Reputation:
I have the following grammar.
meta : '<' TAG attribute* '>';
attribute : NAME '=' VAL;
TAG : [A-Z0-9]+;
NAME : [A-Z_-]+;
VAL : '"'.*?'"';
I want to match the below string.
<META HTTP-EQUIV="Content-Type" CONTENT="text/html; charset=UTF-8">
But I am getting the following error.
ParseError extraneous input 'CONTENT' expecting {'>', NAME} clj-antlr.common/parse-error (common.clj:146)
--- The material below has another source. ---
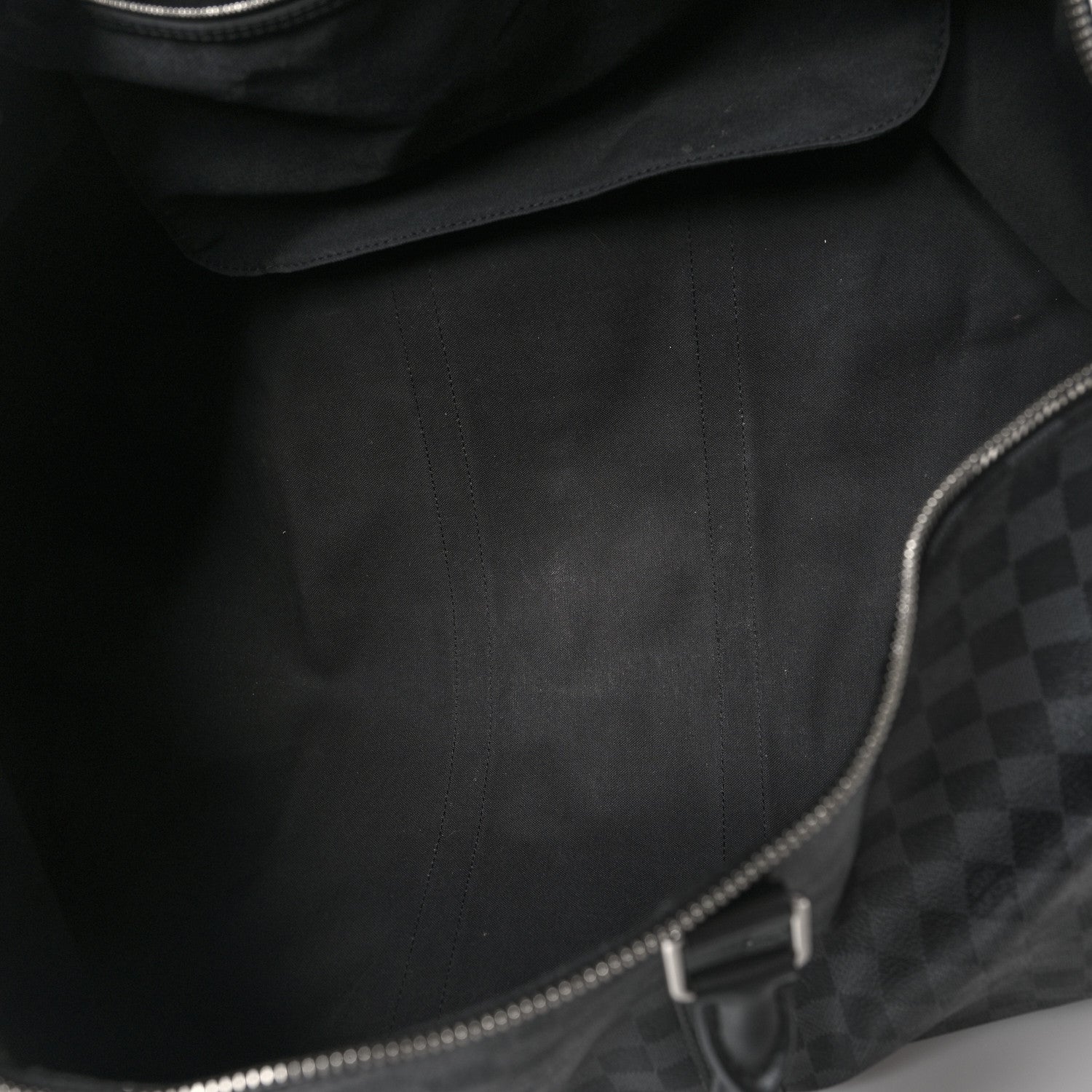 Louis Vuitton Damier Graphite Keepall Bandouliere 55 4 of 11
I am able to parse with one attribute.
<META HTTP-EQUIV="Content-Type">
How to parse repeated attributes? Giving attribute*
has no effect.
Update: It's actually caused by the lexer. If I combine TAG
and NAME
then it works.
meta : '<' NAME attribute* '>';
NAME : [A-Z0-9_-]+;
But I don't want to have NAME
to contain numbers. Is there a way to make this work?
Upvotes: 0
Views: 343
Reputation: 3516
You can use two independent lexer rules and then use a parser rule to combine them respectively
ID: [A-Za-z]+ ;
NUMBER: [0-9]+ ;
tag: ID+ tag? | NUMBER+ tag? ;
name: ID+ name? | ('_' | '-')+ name?
If you have problems with whitespace between the elements being ignored you can use a different channel for it an enable it only in the above parser rules... It might even work to define the above parser rules as lexer rules but I'm not sure of that...
Upvotes: 1